Exercise:
An exact copy of every entry is required, without the pictures.

Web page caption snippets:
──────────
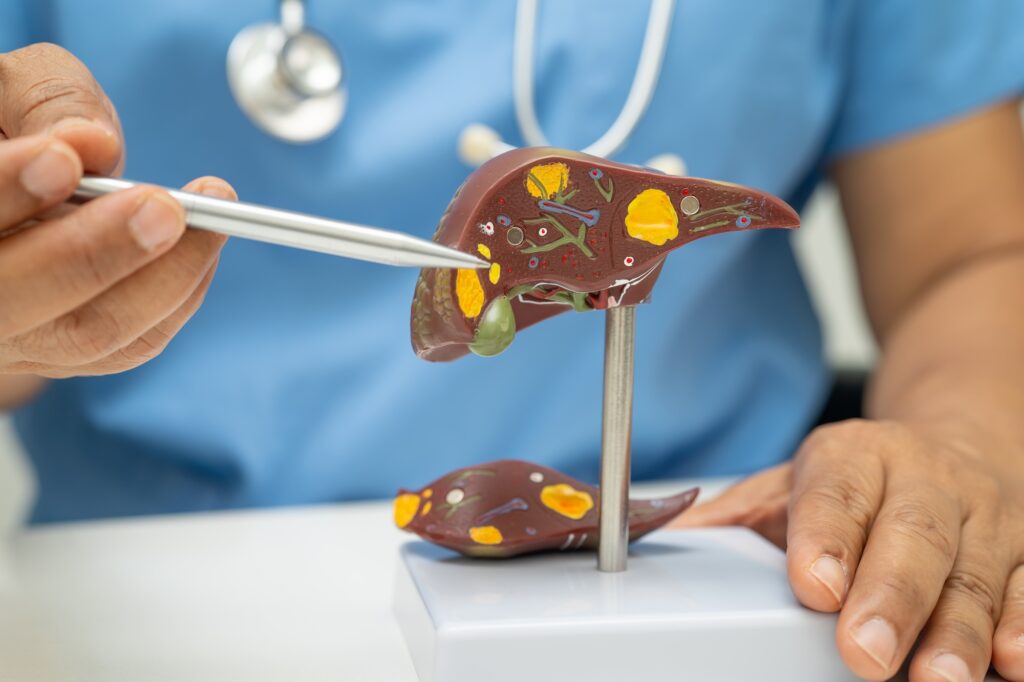 Understanding Gallstone Symptoms and Treatment Options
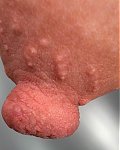 Richtig lange Monsternippel und ungewöhnlich geformte Brustwarzen.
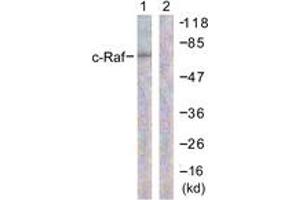 Western blot analysis of extracts from 293 cells, treated with PMA 125ng/ml 30' , using C-RAF (Ab-296) Antibody. (RAF1 antibody  (AA 271-320))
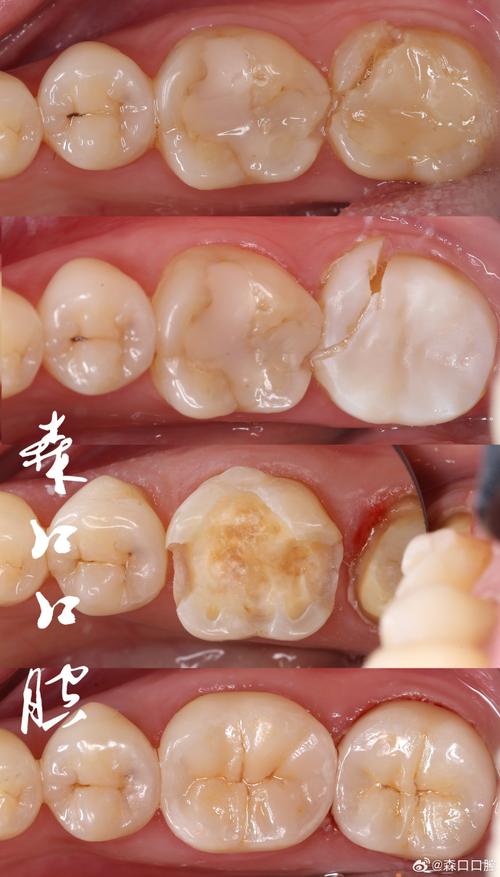 牙釉质损伤竟有这些严重后果！你的牙齿还好吗？  第5张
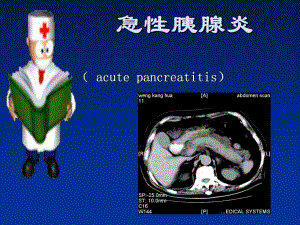 21急性胰腺炎.ppt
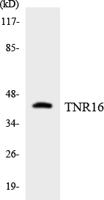 NGFR p75 Polyclonal Antibody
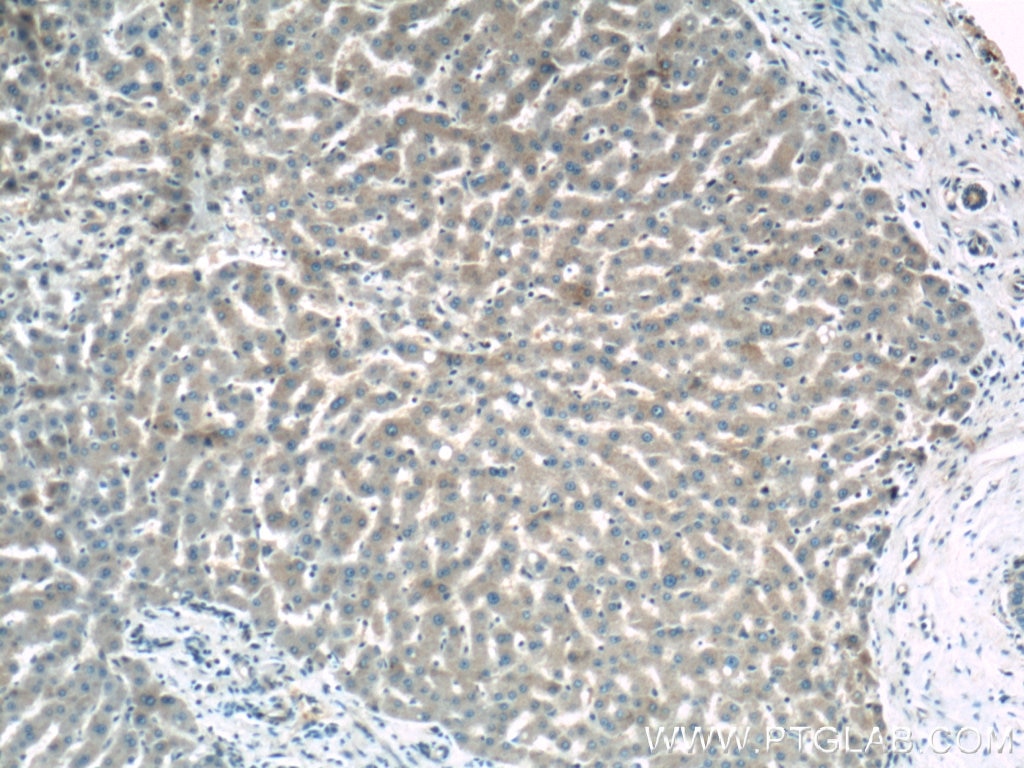 Immunohistochemistry (IHC) staining of human liver tissue using OAS1/3 Polyclonal antibody (14955-1-AP)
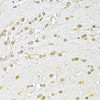 Immunohistochemistry of paraffin-embedded rat brain using KU70 antibody (22-868) at dilution of 1:100 (40x lens) .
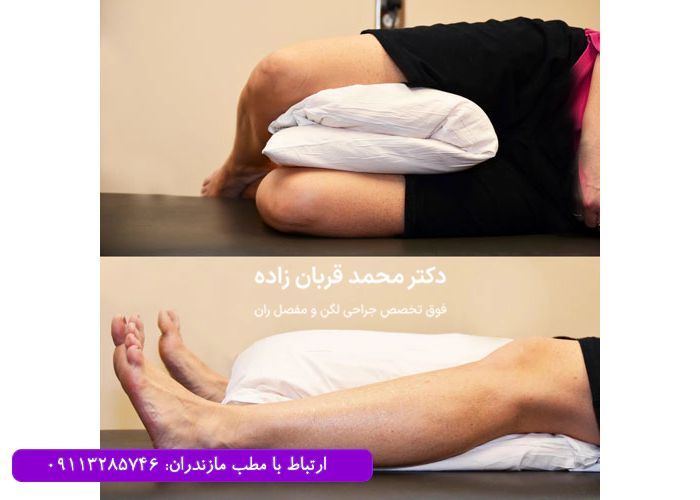 استراحت بعد از آرتروسکوپی لگن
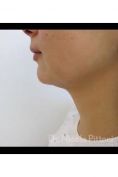 Mesoterapia (rivitalizzazione del viso, collo, decoltè, mani) - Foto del prima - Dott. Nicola Pittoni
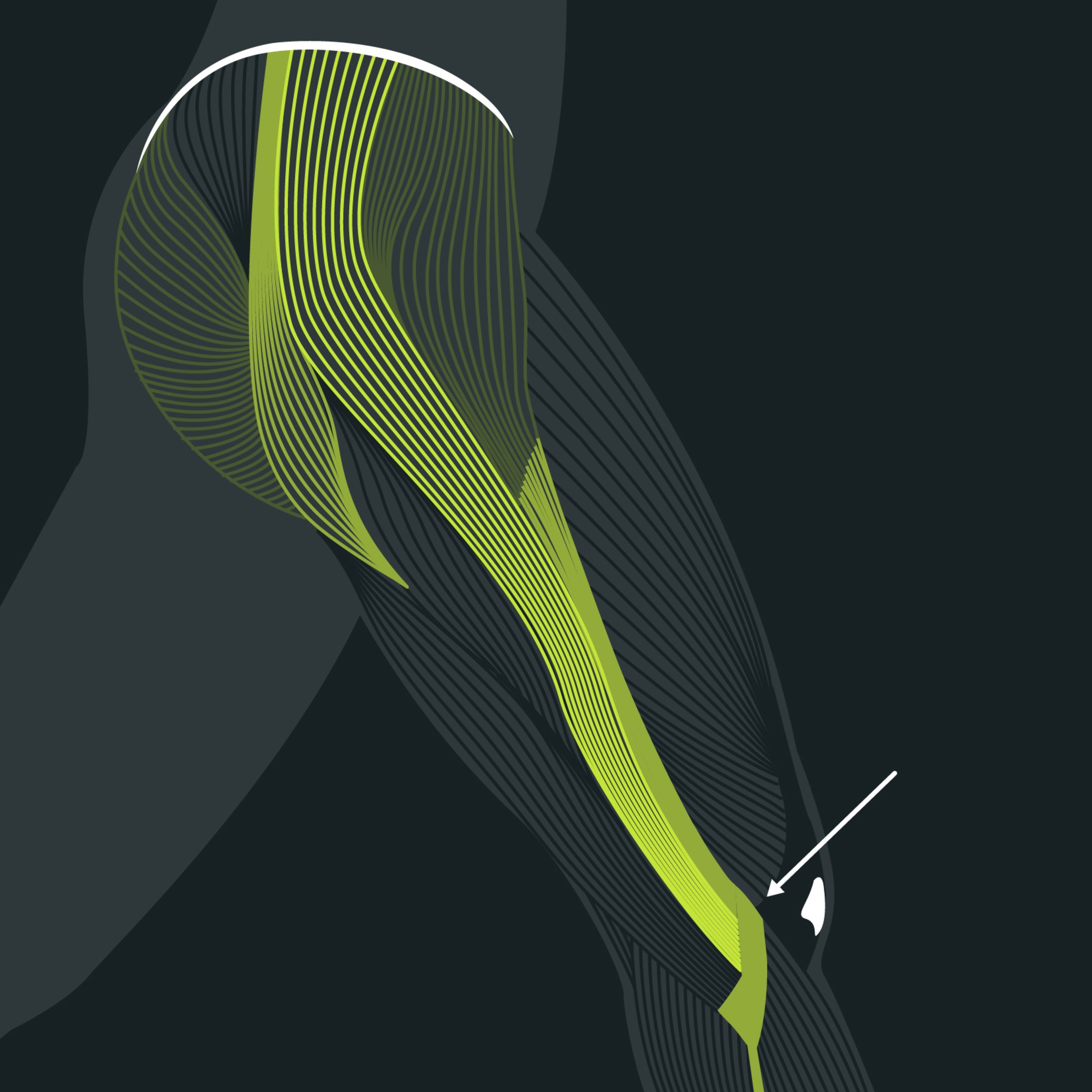 Anatomie du genou du coureur (ITBS)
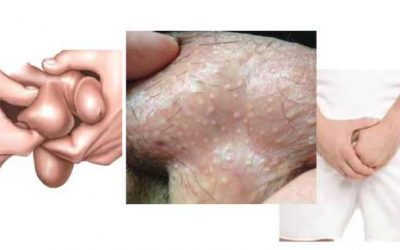 Dấu hiệu bệnh nấm bìu và cách điều trị tại nhà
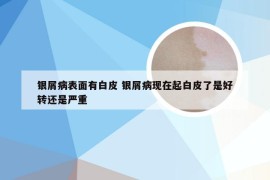 银屑病表面有白皮 银屑病现在起白皮了是好转还是严重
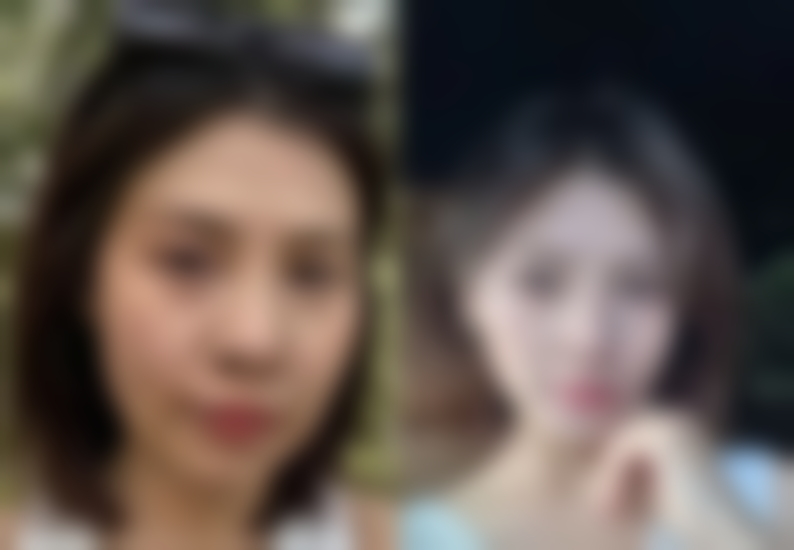 下颌角手术疤痕增生？应对有妙招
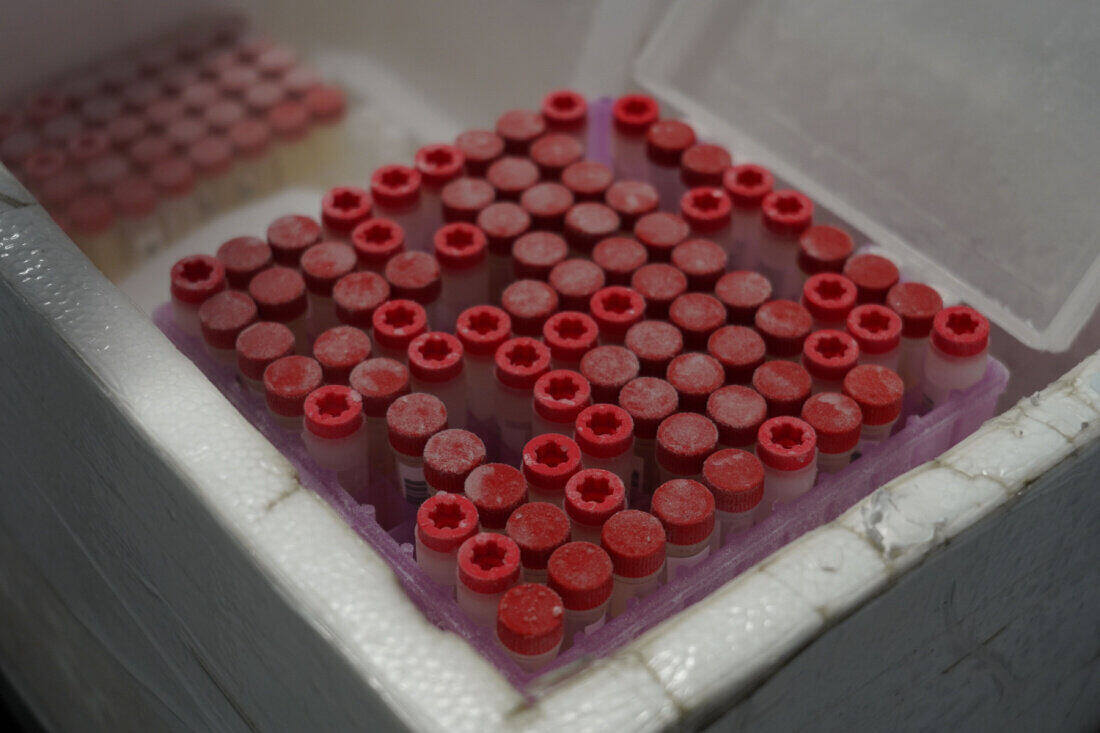 Shipping blood samples and other biological specimen with express services.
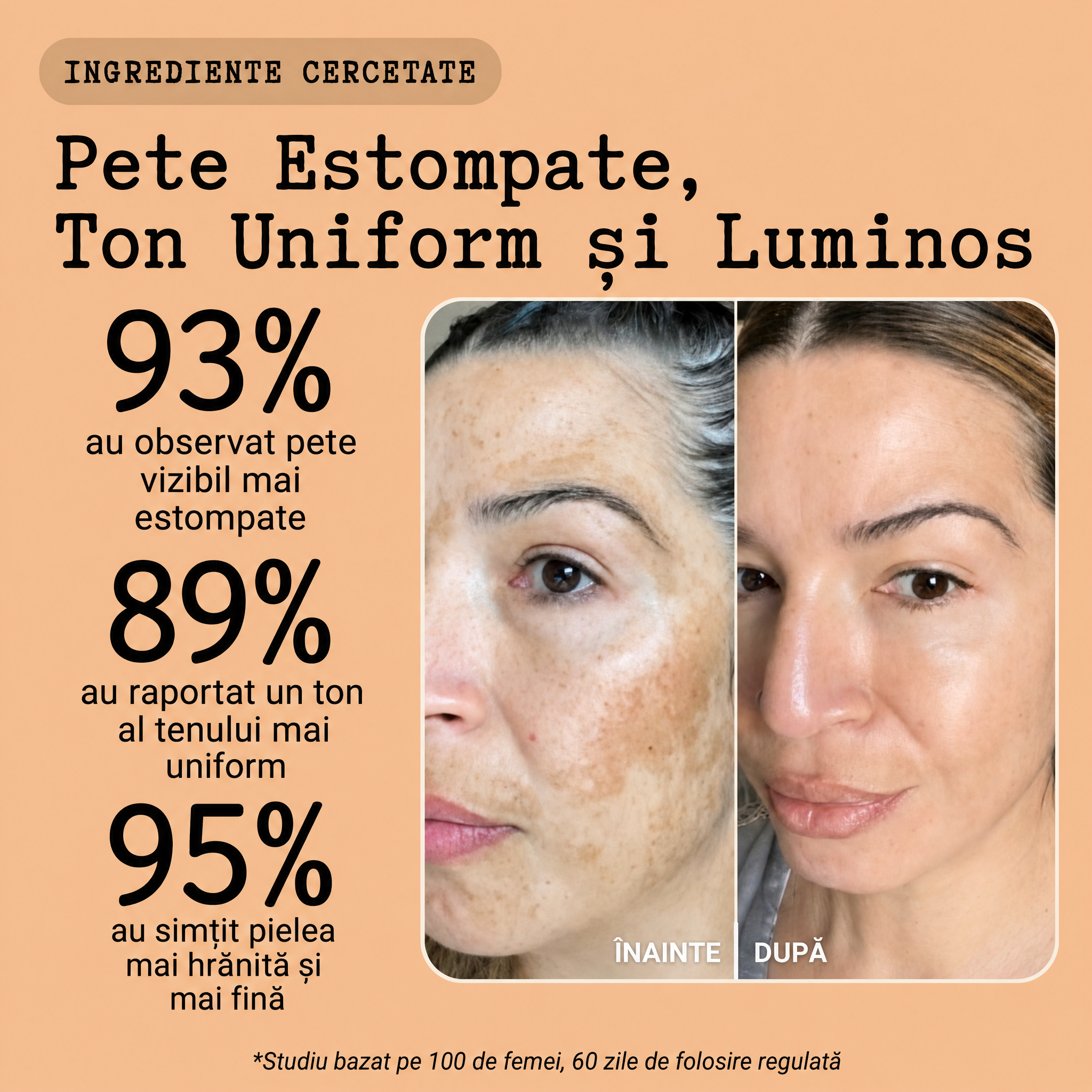 Crema Naturală Antipete
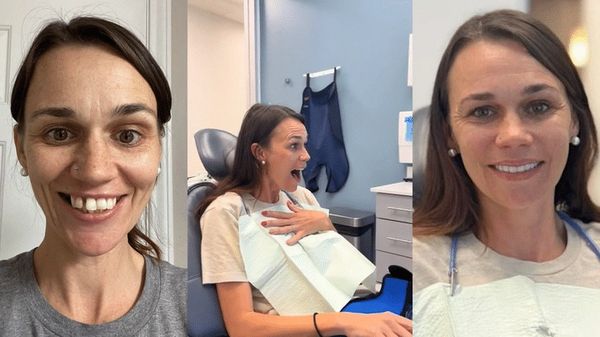 “Permanent Teeth in 24 Hours” isn’t just a promise—it’s a proven breakthrough that began with the in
──────────
Output of the exercise:
 Understanding Gallstone Symptoms and Treatment Options
 Richtig lange Monsternippel und ungewöhnlich geformte Brustwarzen.
 Western blot analysis of extracts from 293 cells, treated with PMA 125ng/ml 30' , using C-RAF (Ab-296) Antibody. (RAF1 antibody  (AA 271-320))
 牙釉质损伤竟有这些严重后果！你的牙齿还好吗？  第5张
 21急性胰腺炎.ppt
 NGFR p75 Polyclonal Antibody
 Immunohistochemistry (IHC) staining of human liver tissue using OAS1/3 Polyclonal antibody (14955-1-AP)
 Immunohistochemistry of paraffin-embedded rat brain using KU70 antibody (22-868) at dilution of 1:100 (40x lens) .
 استراحت بعد از آرتروسکوپی لگن
 Mesoterapia (rivitalizzazione del viso, collo, decoltè, mani) - Foto del prima - Dott. Nicola Pittoni
 Anatomie du genou du coureur (ITBS)
 Dấu hiệu bệnh nấm bìu và cách điều trị tại nhà
 银屑病表面有白皮 银屑病现在起白皮了是好转还是严重
 下颌角手术疤痕增生？应对有妙招
 Shipping blood samples and other biological specimen with express services.
 Crema Naturală Antipete
 “Permanent Teeth in 24 Hours” isn’t just a promise—it’s a proven breakthrough that began with the in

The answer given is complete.